→ **Aim of the exercise**: Leaving out the images, reproduce every line of the data that follows exactly.

[[ Stored data open ]]

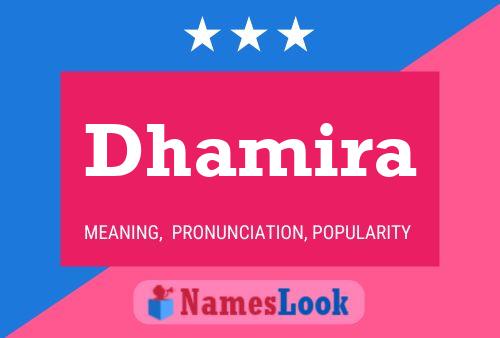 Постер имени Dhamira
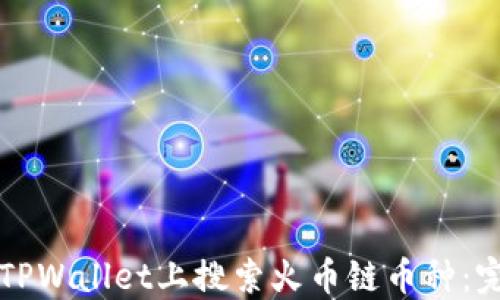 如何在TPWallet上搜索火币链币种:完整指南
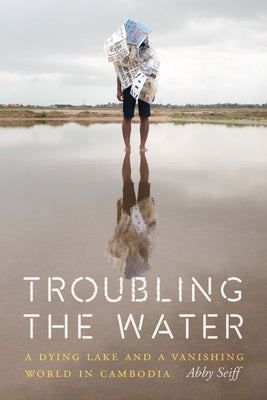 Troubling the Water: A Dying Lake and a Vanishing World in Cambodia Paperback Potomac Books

[[ Stored data closed ]]

→ **Task result**:
 Постер имени Dhamira
 如何在TPWallet上搜索火币链币种:完整指南
 Troubling the Water: A Dying Lake and a Vanishing World in Cambodia Paperback Potomac Books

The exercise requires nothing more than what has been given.